# Kaggle Zillow Preprocessing + XGBoost

###### 0.0660352

In [1]:
import numpy as np
import pandas as pd
pd.options.display.max_columns = 999
import time
from datetime import datetime

from sami_function import missing_ratio
from zillow_functions import create_newFeatures, data_preprocessing, memory_reduce, create_special_feature
from sklearn.preprocessing import StandardScaler
from sklearn.preprocessing import LabelEncoder
from sklearn.model_selection import train_test_split
import xgboost as xgb
import gc
from sklearn import linear_model
from sklearn.externals import joblib

%matplotlib inline
seed = 42
n_features = 100

### XGBoost

In [2]:
%%time
print('\nLoading data ...')

train =  pd.read_csv('../data/train_2016_v2.csv')
train17 =  pd.read_csv('../data/train_2017.csv')
prop = pd.read_csv('../data/properties_2016.csv')
sample = pd.read_csv('../data/sample_submission.csv')
prop17 = pd.read_csv('../data/properties_2017.csv', low_memory = False)

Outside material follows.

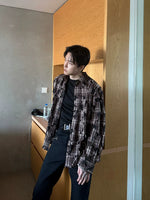 Distressed Patchwork Plaid Oversized Shirt 3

train = pd.concat([train, train17])
prop = pd.concat([prop, prop17])
df_train = pd.merge(train, prop, on='parcelid', how='left')
print('Shape train: {}'.format(df_train.shape))

del train; gc.collect()

print('\nData preprocessing ...')

df_train = data_preprocessing(df_train)


print('\nCreating new features ...')

df_train = create_newFeatures(df_train)

# New special feature
dates_model_col = ['transaction_year', 'transaction_month', 'yearbuilt', 'house_age']
df_train['spe_feature'], datesFeature_mod = create_special_feature(df_train[dates_model_col], df_train['logerror'].values)

# Month feature
month_avgs = df_train.groupby('transaction_month').agg(['mean'])['logerror', 'mean'].values - df_train['logerror'].mean()
from sklearn.linear_model import LinearRegression
month_model = LinearRegression().fit(np.arange(4, 13, 1).reshape(-1, 1), 
                                     month_avgs[3:].reshape(-1, 1))                       
df_train['super_month'] = month_model.predict(df_train['transaction_month'].values.reshape(-1, 1))


print('\nReducing consumption memory ...')

df_train = memory_reduce(df_train)

# MAE 0.05255990000000001 for 50 rounds  [:39]

print('\nCreating training set ...')

x_train = df_train.drop(['parcelid', 'logerror'], axis=1)
y_train = df_train['logerror'].values

print(x_train.shape, y_train.shape)


print('\nFeatures selection ...')
from sklearn.feature_selection import RFE
from sklearn.linear_model import LinearRegression

x_col = list(x_train.columns)
lr = LinearRegression()
rfe = RFE(lr)
rfe.fit(x_train, y_train)
x_val = [x[1] for x in [x for x in sorted(zip(map(lambda x: round(x, 4), rfe.ranking_), x_col), reverse=True) if x[0] > 0]]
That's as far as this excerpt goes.